Puis la production de chocolat passe en Afrique. Le livre suit le développement d'une
production de plus en plus importante, notamment sur l'ile de
São Tomé, puis sur le continent. Un nouveau
problème se pose alors : la production, grâce à la mondialisation de
la production et à l'industrialisation, est devenue abondante et bon
marché. Il faut donc convaincre de nouveaux consommateurs, pour
faire du chocolat un produit de masse. Au 19e siècle, l'industrie
chocolatière est donc une des plus friandes de
publicité. L'exemple le plus connu de
publicité pour le chocolat est, en France, le
tirailleur sénégalais de
Banania.
Et dans les pays producteurs ? Les cours du cacao sur les marchés
mondiaux ne sont pas stables et ces pays connaissent des alternances
de prospérité et de vaches maigres. Bien des gouvernements, après
l'indépendance des colonies, ont cherché à stabiliser la situation,
avec des succès variables.

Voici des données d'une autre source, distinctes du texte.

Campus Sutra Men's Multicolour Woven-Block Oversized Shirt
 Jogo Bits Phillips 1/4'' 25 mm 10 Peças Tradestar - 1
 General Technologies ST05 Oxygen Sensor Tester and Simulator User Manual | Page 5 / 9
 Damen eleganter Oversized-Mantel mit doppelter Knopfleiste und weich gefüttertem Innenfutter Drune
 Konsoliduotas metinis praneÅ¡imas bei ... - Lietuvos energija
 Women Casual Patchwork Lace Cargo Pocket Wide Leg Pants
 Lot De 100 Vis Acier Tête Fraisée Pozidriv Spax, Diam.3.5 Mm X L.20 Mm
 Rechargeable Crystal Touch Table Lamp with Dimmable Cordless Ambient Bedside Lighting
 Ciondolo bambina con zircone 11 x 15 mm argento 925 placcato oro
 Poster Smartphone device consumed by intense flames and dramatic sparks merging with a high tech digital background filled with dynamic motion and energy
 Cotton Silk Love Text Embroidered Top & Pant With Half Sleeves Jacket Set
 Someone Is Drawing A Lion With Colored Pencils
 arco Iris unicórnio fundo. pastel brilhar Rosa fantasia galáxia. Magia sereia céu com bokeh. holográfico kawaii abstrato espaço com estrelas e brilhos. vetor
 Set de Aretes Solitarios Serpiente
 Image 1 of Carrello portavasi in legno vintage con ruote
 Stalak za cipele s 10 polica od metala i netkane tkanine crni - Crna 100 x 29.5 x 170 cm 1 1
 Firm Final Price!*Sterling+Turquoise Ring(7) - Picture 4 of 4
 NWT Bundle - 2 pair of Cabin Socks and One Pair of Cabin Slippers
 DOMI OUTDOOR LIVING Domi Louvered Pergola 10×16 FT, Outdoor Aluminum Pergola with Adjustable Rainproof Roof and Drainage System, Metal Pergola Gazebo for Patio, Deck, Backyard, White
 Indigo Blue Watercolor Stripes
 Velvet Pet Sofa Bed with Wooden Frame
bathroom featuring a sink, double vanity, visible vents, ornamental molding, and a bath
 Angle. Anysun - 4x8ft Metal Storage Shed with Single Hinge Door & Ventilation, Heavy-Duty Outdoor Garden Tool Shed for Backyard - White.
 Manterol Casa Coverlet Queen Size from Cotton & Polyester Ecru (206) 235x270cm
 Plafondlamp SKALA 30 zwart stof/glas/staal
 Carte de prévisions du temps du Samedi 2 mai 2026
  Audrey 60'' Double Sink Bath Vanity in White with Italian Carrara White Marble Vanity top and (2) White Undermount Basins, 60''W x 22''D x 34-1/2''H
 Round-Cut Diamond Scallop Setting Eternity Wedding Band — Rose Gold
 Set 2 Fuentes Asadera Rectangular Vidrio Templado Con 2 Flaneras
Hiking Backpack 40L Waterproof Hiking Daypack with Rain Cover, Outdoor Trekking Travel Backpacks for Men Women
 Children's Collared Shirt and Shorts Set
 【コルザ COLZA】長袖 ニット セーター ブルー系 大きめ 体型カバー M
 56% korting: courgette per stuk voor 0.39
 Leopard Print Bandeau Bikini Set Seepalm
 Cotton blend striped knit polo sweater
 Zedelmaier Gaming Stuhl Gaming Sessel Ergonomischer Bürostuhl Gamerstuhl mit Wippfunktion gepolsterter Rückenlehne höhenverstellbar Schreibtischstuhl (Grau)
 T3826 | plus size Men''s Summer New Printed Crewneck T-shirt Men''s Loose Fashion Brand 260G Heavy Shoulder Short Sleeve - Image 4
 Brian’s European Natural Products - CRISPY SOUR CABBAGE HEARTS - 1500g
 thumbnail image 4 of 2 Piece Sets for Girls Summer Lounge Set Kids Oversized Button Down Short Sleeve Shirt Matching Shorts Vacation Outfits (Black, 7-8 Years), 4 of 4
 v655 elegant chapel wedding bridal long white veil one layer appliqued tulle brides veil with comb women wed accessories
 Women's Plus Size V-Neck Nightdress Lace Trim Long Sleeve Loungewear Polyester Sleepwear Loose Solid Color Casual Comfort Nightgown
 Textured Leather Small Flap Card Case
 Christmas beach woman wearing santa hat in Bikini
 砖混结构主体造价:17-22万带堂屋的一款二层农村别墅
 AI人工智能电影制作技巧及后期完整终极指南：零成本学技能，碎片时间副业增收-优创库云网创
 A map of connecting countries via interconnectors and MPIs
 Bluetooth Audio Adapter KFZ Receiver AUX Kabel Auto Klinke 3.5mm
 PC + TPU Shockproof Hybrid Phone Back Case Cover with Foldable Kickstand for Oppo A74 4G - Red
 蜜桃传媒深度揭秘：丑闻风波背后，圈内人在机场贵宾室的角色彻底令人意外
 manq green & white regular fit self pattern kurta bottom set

Car, entre temps, le cacao était passé
des marchés de produits physiques aux marchés financiers. Désormais,
au lieu de vendre et d'acheter du cacao, on achète et on vend des
titres ayant un rapport plus ou moins lointain avec le cacao. (Note
au passage : quand des gens, en 2022, reprochent aux
cryptomonnaies d'être « virtuelles » et
« déconnectées de l'économie réelle », ils ont quelques dizaines
d'années de retard. Cela fait bien longtemps que les échanges sur
les marchés sont déconnectés des produits et services.)
L'auteur se penche ensuite sur les alternatives : est-ce que du
chocolat bio ou
équitable (ou, soyons fous, les deux à la fois)
permettrait au consommateur d'avoir de meilleurs produits et aux
producteurs de vivre
mieux ? La question des labels est compliquée ; certains n'ont guère
de valeur car ils sont spécifiques à une entreprise, qui décide des
critères et fait leur « vérification ». Difficile pour le
consommateur de s'y retrouver !
Bref, un livre très lisible et très pédagogique, expliquant en
détail tous les aspects de la production d'une marchandise, dans un
monde où c'est devenu très compliqué.